◆ **AVAILABLE DATA**
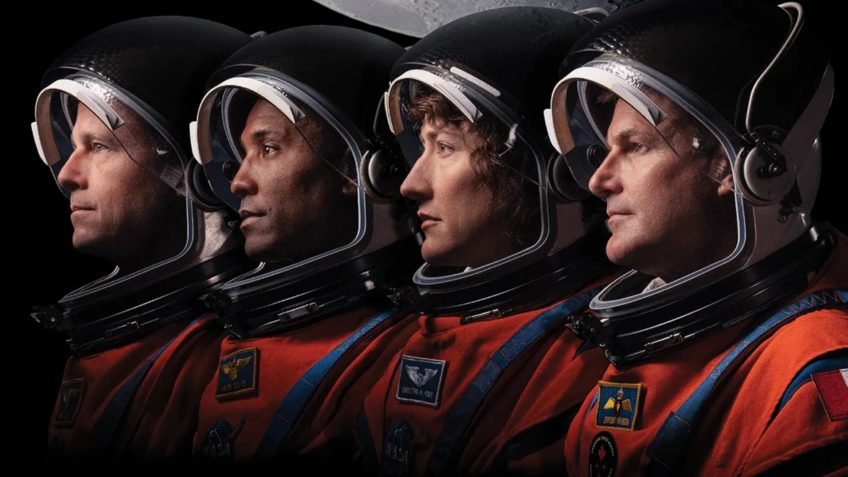 Ao vivo: Nasa lança Artemis 2, missão que vai orbitar a Lua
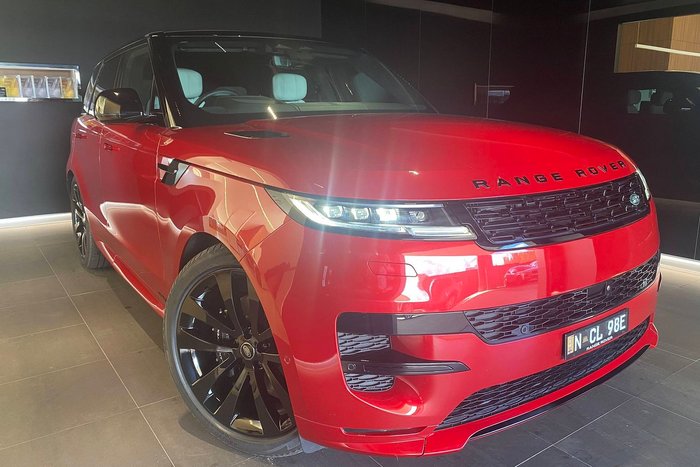 2024 Land Rover Range Rover Sport D350 Autobiography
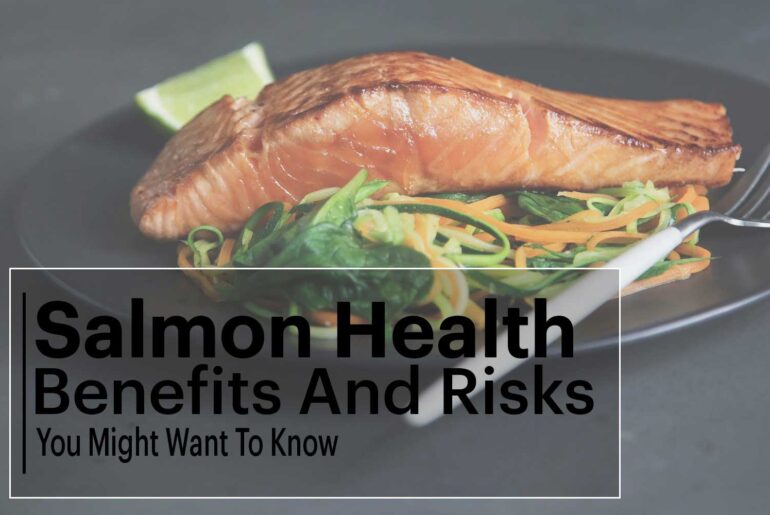 Salmon Health Benefits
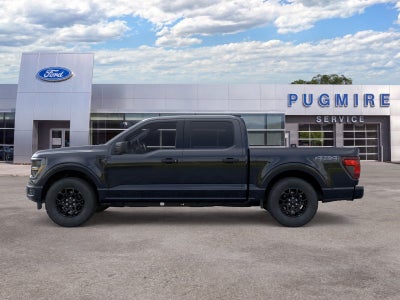 2026 Ford F-150 STX 4WD SUPERCREW 5.5' BO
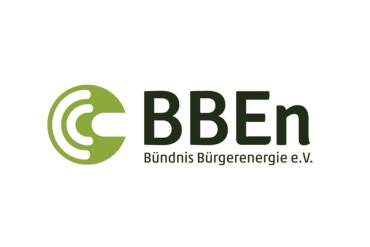 Logo Bündnis Bürgerenergie e.V.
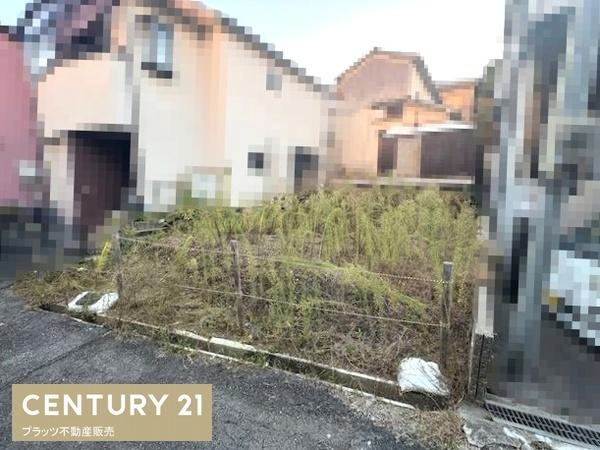 豊中市上野東１丁目の土地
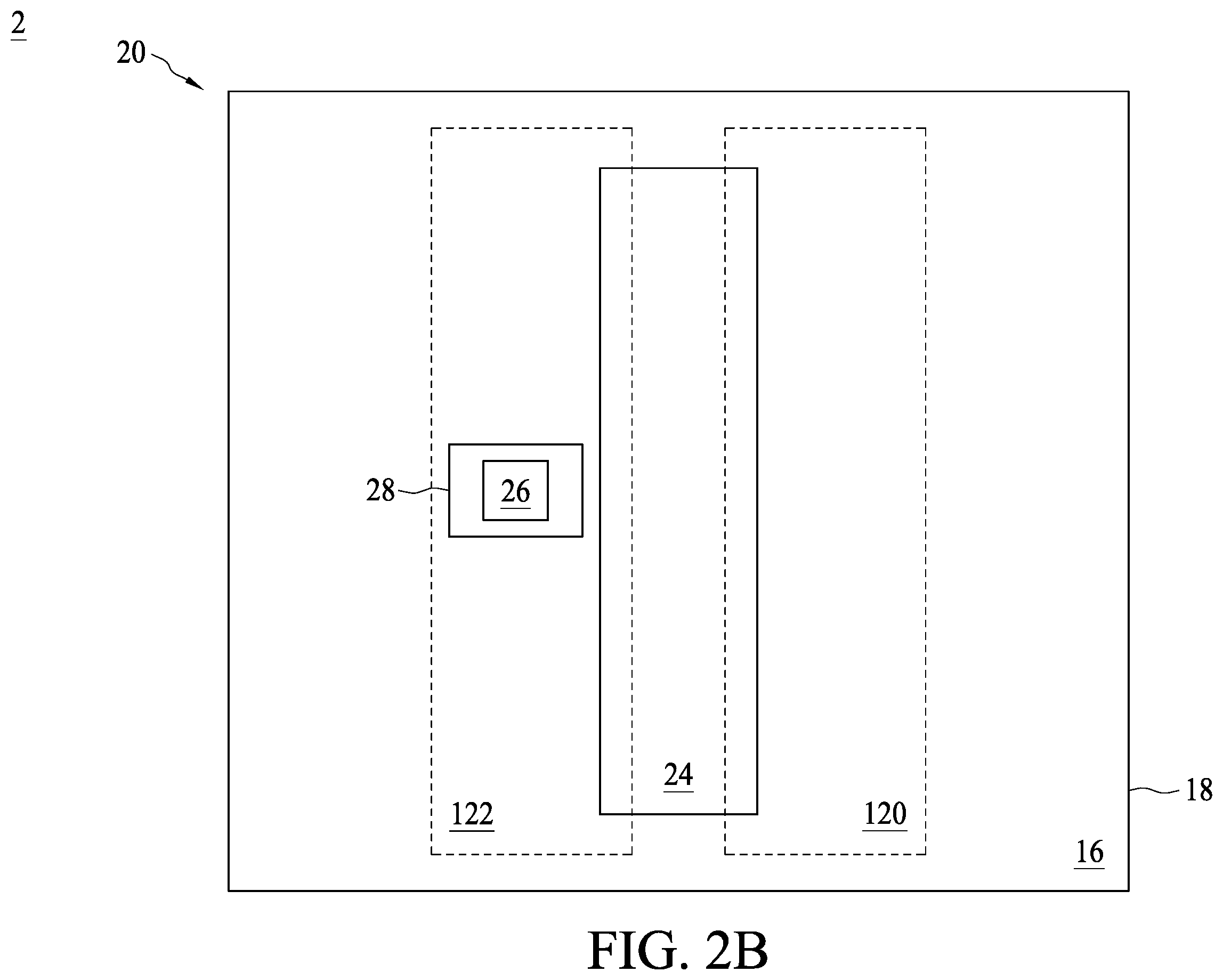 Patent US12414361 Figure 8 – Method of manufacturing a semiconductor device
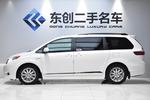 丰田Sienna2016款3.5L 加规版四驱LE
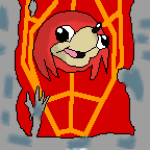 Uganda Knuckles Tribe picture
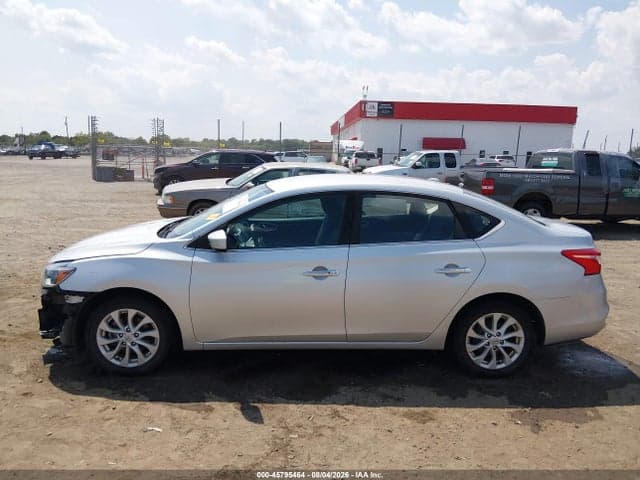 2019 NISSAN SENTRA SV 15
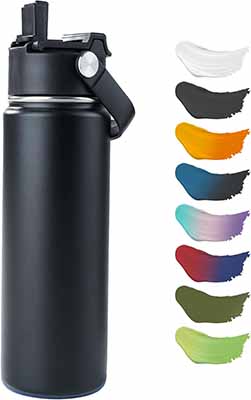 Kerilyn Stainless Steel Insulated Water Bottle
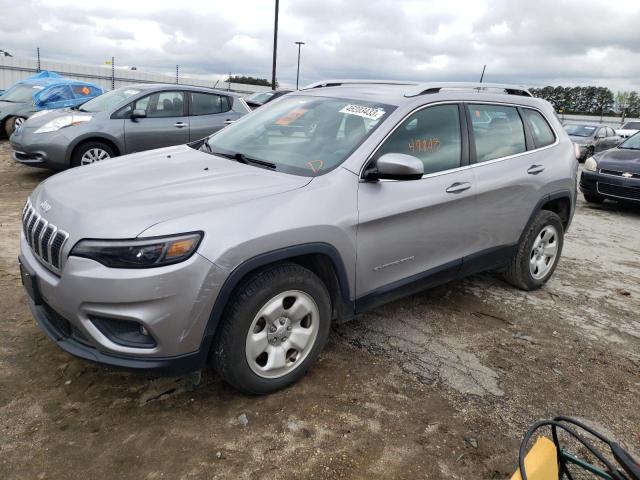 Photo 1 from auction – 2019 JEEP CHEROKEE L with VIN 1C4PJLCB6KD109150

◆ **INSTRUCTIONS FOR THE TASK**
Pictures stay out. Print the data exactly, from its first line through the line containing "Uganda Knuckles Tribe picture".

◆ **EXERCISE ANSWER**
 Ao vivo: Nasa lança Artemis 2, missão que vai orbitar a Lua
 2024 Land Rover Range Rover Sport D350 Autobiography
 Salmon Health Benefits
 2026 Ford F-150 STX 4WD SUPERCREW 5.5' BO
 Logo Bündnis Bürgerenergie e.V.
 豊中市上野東１丁目の土地
 Patent US12414361 Figure 8 – Method of manufacturing a semiconductor device
 丰田Sienna2016款3.5L 加规版四驱LE
 Uganda Knuckles Tribe picture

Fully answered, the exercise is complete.